Richter beschreibt schwierige Kindheit des Angeklagten
Der Vorsitzende Richter beschrieb in seiner Urteilsbegründung auch die schwierige Kindheit des Angeklagten, der immer wieder in Heimen, bei Pflegeeltern und in psychiatrischen Einrichtungen gewesen sei. Seit April 2024 sei er ohne festen Wohnsitz in Hamburg gewesen.
Wegen einer „erheblichen Einschränkung der Steuerungsfähigkeit“ des Angeklagten habe man die Unterbringung in einem psychiatrischen Krankenhaus beschlossen, zusätzlich zur Haftstrafe, sagte der Richter. Eine Therapie sei notwendig.
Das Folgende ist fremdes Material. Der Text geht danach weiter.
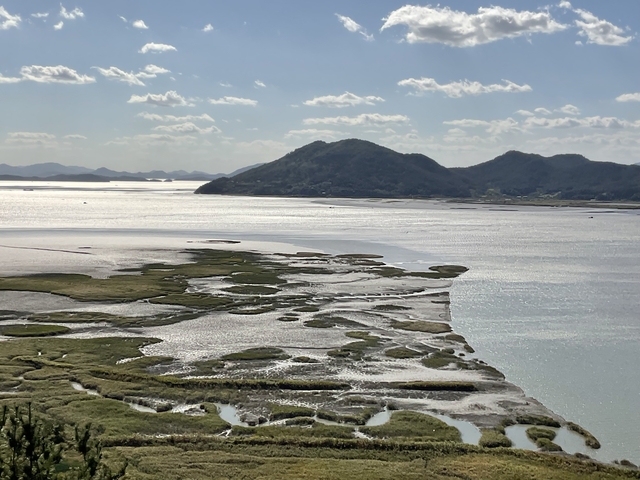       Coastal view with mountains and clear sky.
  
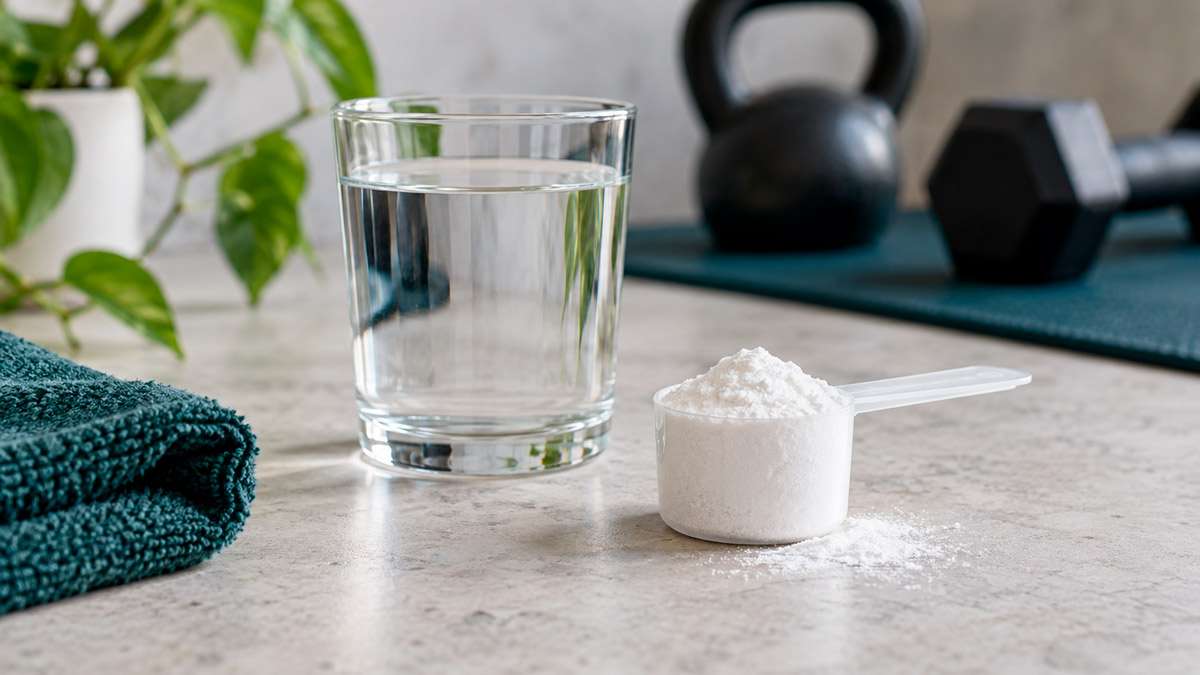 Creatina monohidrato en polvo junto a un vaso de agua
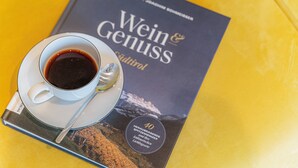 Un libro dal titolo "Wein & Genuss" con un cucchiaio e una tazza di caffè su una superficie gialla.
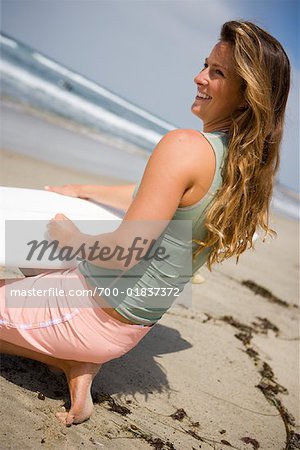 Woman Waxing Surfboard, Trestles Beach, San Clemente, Orange County, California, USA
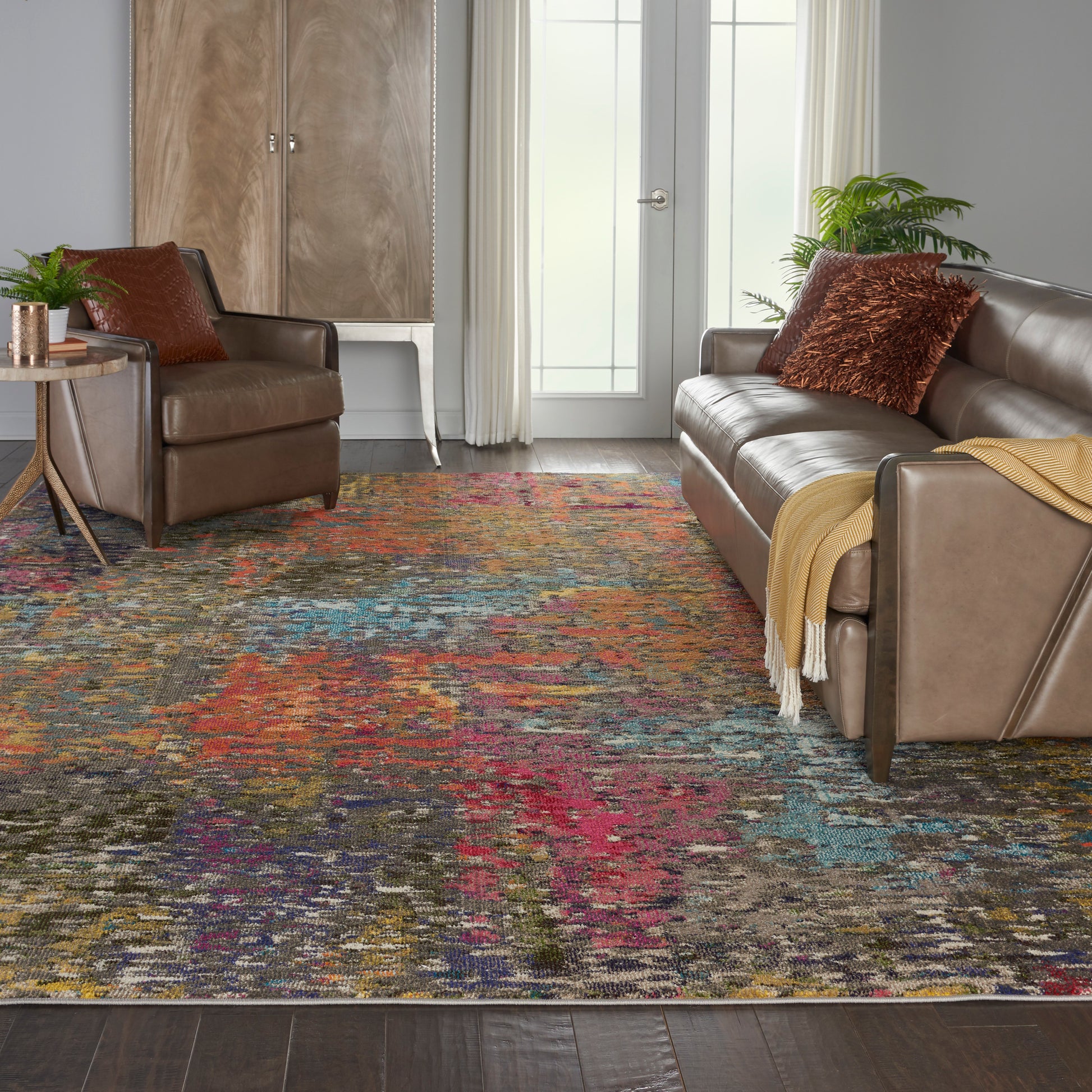 Vibrant multicolor distressed area rug over dark wood floor with brown leather sofa and chair, throw blanket.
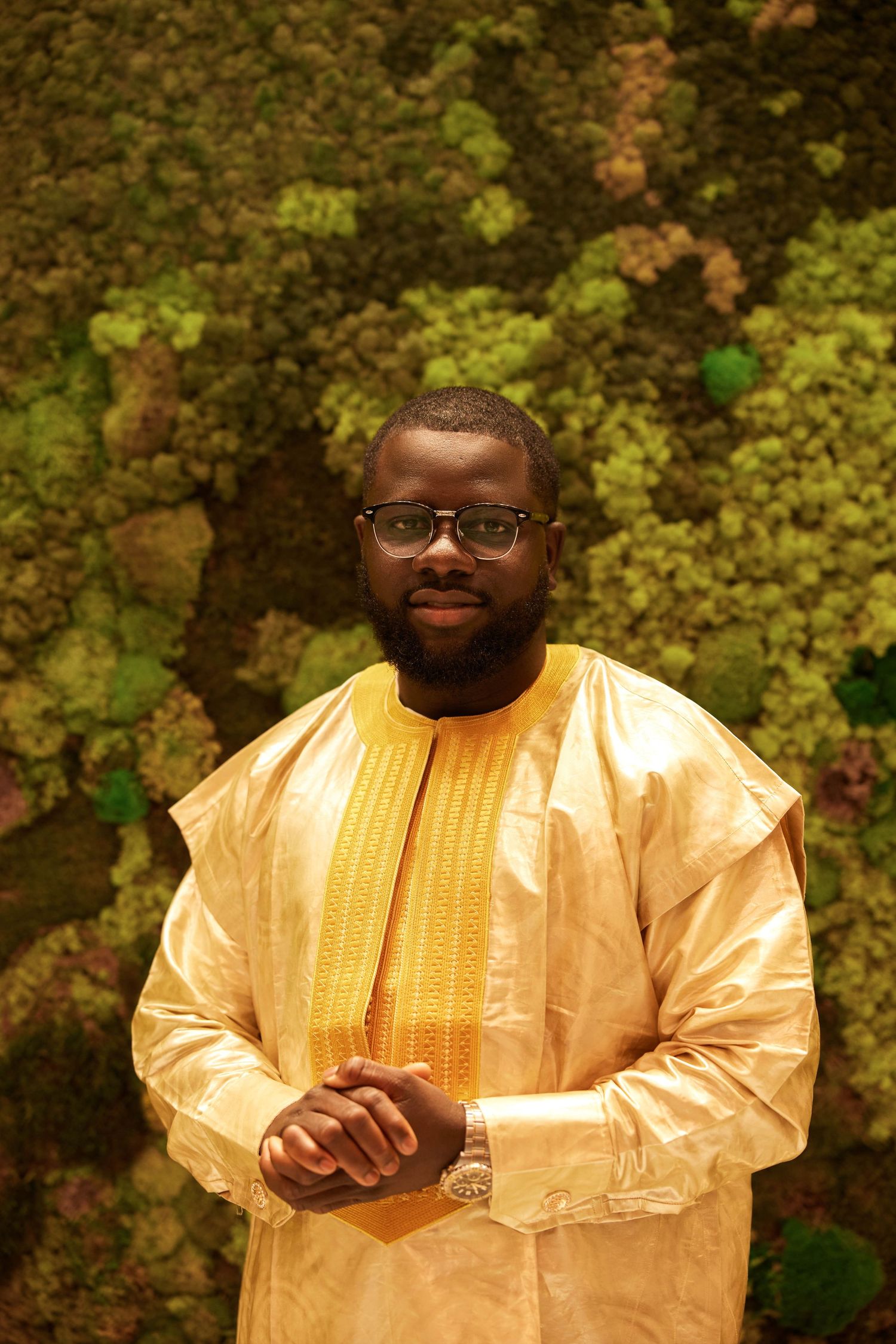 Man in gold traditional African attire and glasses poses confidently before a lush green moss wall backdrop.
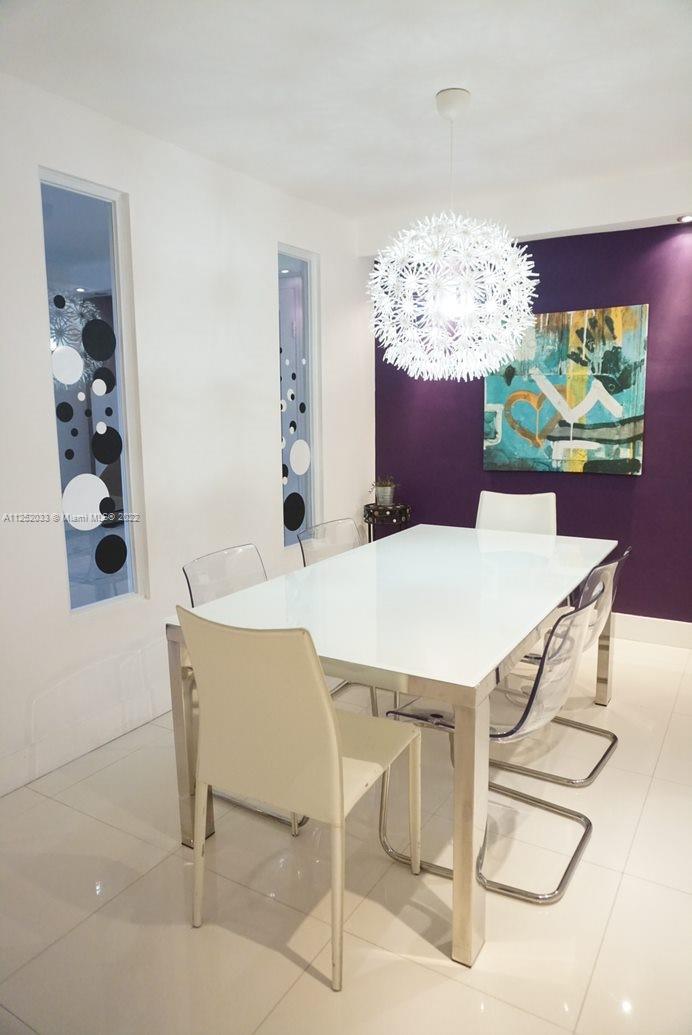 A dining room features a white table, clear chairs, a spiky pendant light, and purple wall — 5161 COLLINS AV # 309, Miami Beach FL 33140, MIAMI BEACH, FL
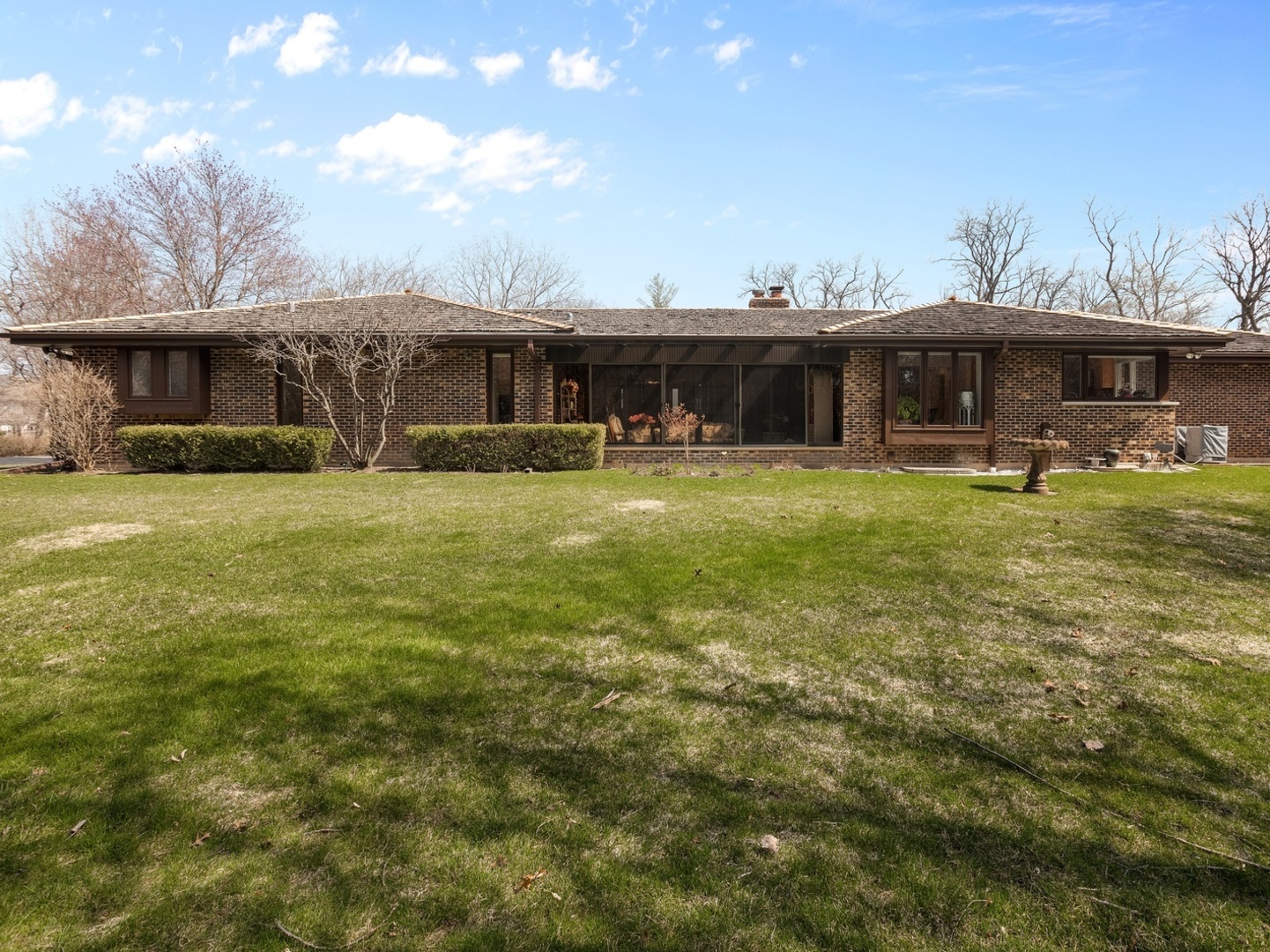 470 East Westleigh Road Lake Forest, IL 60045 - Photo 27 of 28 a view of a house with backyard and sitting area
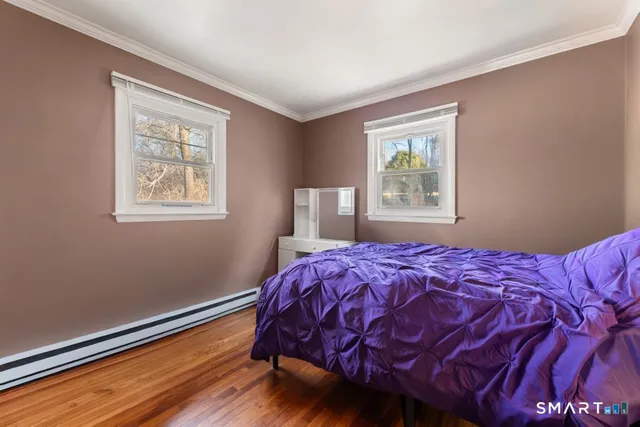 a bed sitting in a bedroom next to a window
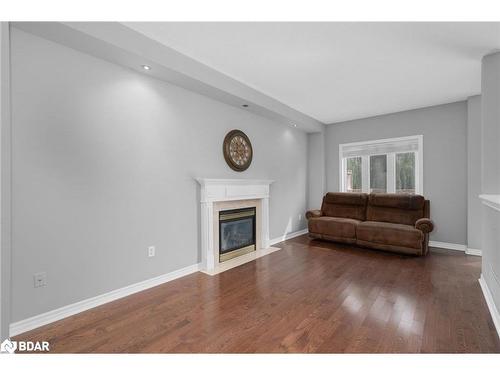 1951 Swan Street, Innisfil, ON - Indoor Photo Showing Living Room With Fireplace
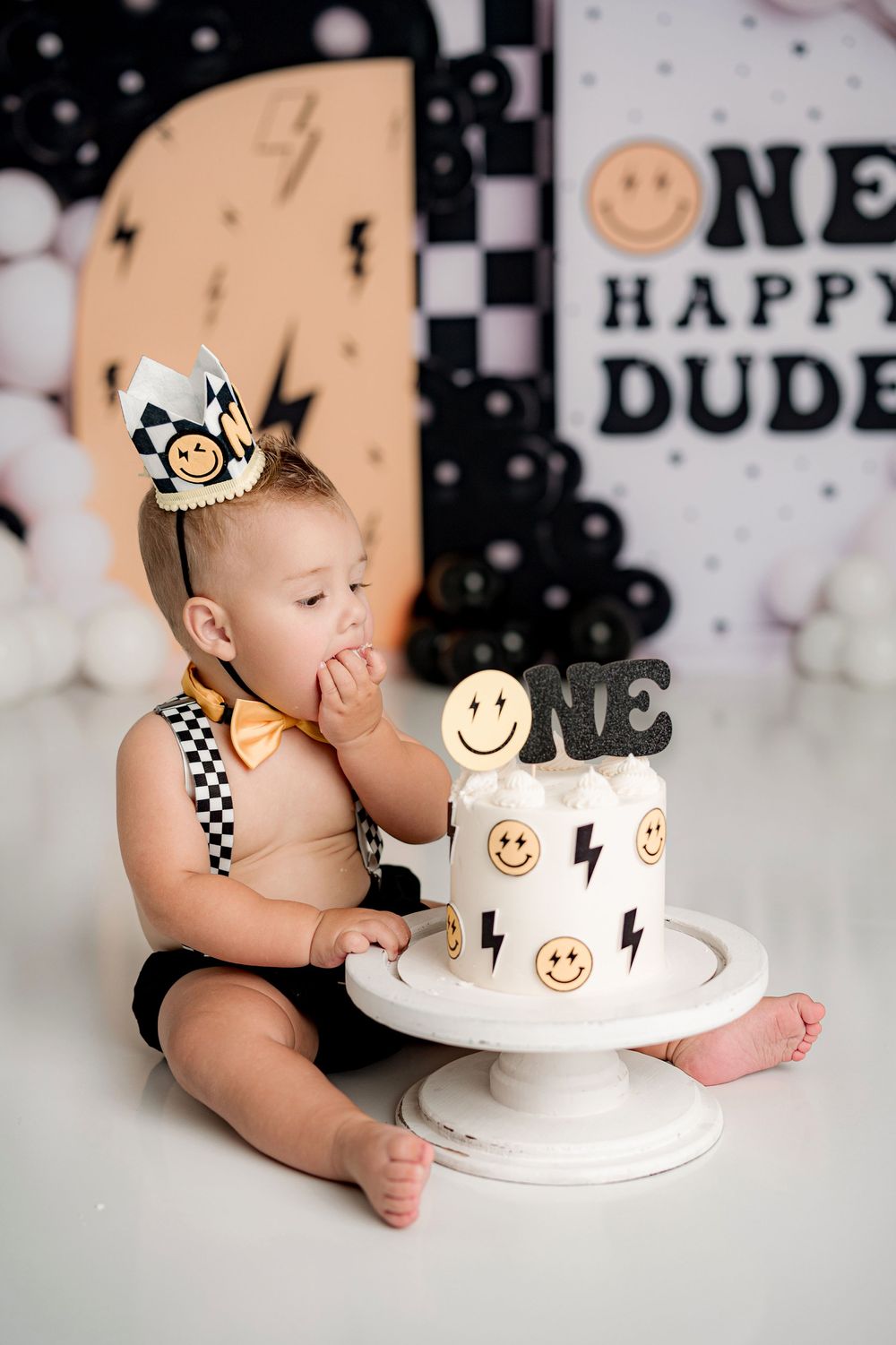 First birthday cake smash photo with black and white checkered theme and smiley face decorations on white cake.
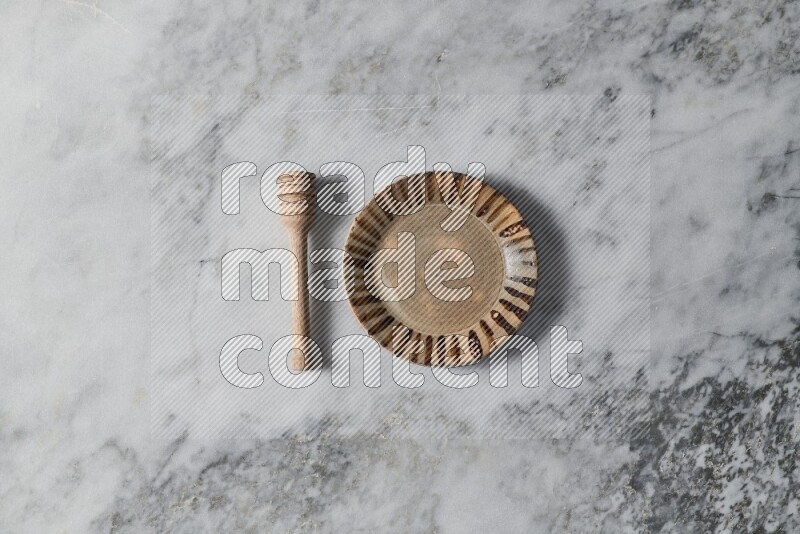 Multicolored pottery plate with wooden honey dipper on the side on grey marble background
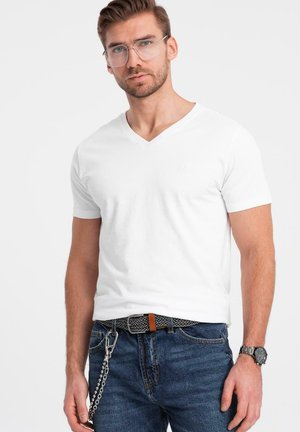 Vit V-ringad t-shirt i bomull, med korta ärmar. Bärs med blå jeans och ett mönstrat bälte. Accessoarer inkluderar en klocka och glasögon.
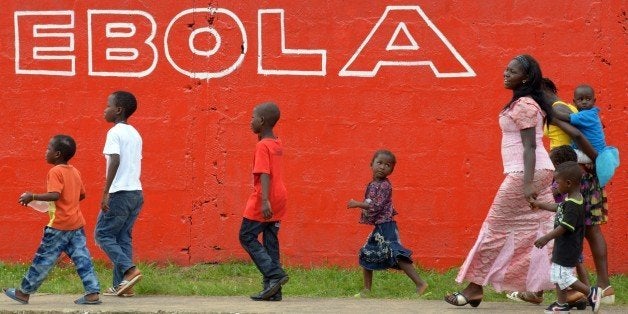 Young women and children walk past a slogan painted on a wall reading 'Ebola' in Monrovia on August 31, 2014. Liberia on August 30, 2014 said it would deny permission for any crew to disembark from ships at the country's four seaports until the Ebola epidemic ravaging west Africa was under control. AFP PHOTO/DOMINIQUE FAGET (Photo credit should read DOMINIQUE FAGET/AFP/Getty Images)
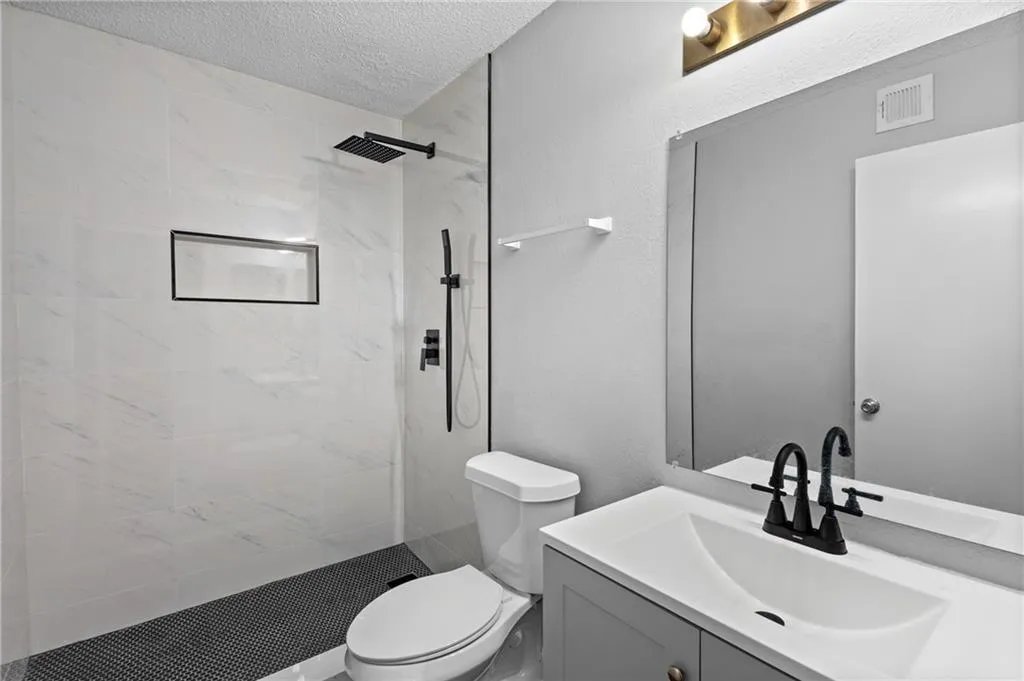 Fully updated bathroom with vanity, a shower stall.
Brief des Angeklagten ans Gericht
Der Angeklagte hatte dem Gericht noch einen Brief geschrieben, der kurz vor der Urteilsbegründung verlesen wurde. Er habe sich vorgenommen, sein Leben in die Hand zu nehmen, schrieb er.
Mit dem Urteil blieb das Gericht leicht unter der Forderung der Staatsanwaltschaft, die eine Freiheitsstrafe von drei Jahren und sechs Monaten, die Unterbringung in der Psychiatrie und eine Sperre für eine mögliche Fahrerlaubnis von drei Jahren gefordert hatte. Die Vertreterin der Staatsanwaltschaft sah in dem Brief „manipulatives Verhalten“ des Angeklagten.
Das Urteil ist nicht rechtskräftig. Der Verteidiger des Angeklagten kündigte gleich nach dem Urteil auf dpa-Anfrage an, in Berufung zu gehen. Dabei gehe es um die Unterbringung in einer psychiatrischen Klinik.